* GOAL OF THE EXERCISE *
Take the lines below beginning at the line that has "phoenix black &" and stopping after the line that has "Женские солнцезащитные очки", and print them exactly as they are, with no other lines.

* EXERCISE INPUT *

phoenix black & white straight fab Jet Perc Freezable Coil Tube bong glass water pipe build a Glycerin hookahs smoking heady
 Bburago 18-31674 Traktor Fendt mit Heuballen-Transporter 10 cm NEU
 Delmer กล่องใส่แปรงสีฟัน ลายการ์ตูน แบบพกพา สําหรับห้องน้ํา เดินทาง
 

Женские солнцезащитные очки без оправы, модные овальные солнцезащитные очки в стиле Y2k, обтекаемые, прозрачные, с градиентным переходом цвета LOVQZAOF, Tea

* * *

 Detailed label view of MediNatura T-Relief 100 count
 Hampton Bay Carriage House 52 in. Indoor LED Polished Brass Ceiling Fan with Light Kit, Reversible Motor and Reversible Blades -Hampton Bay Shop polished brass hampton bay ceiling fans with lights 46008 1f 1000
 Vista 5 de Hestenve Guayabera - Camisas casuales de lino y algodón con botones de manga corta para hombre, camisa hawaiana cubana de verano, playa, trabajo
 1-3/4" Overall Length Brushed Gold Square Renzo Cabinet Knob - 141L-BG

* ANSWER TO THIS PROBLEM *
phoenix black & white straight fab Jet Perc Freezable Coil Tube bong glass water pipe build a Glycerin hookahs smoking heady
 Bburago 18-31674 Traktor Fendt mit Heuballen-Transporter 10 cm NEU
 Delmer กล่องใส่แปรงสีฟัน ลายการ์ตูน แบบพกพา สําหรับห้องน้ํา เดินทาง
 

Женские солнцезащитные очки без оправы, модные овальные солнцезащитные очки в стиле Y2k, обтекаемые, прозрачные, с градиентным переходом цвета LOVQZAOF, Tea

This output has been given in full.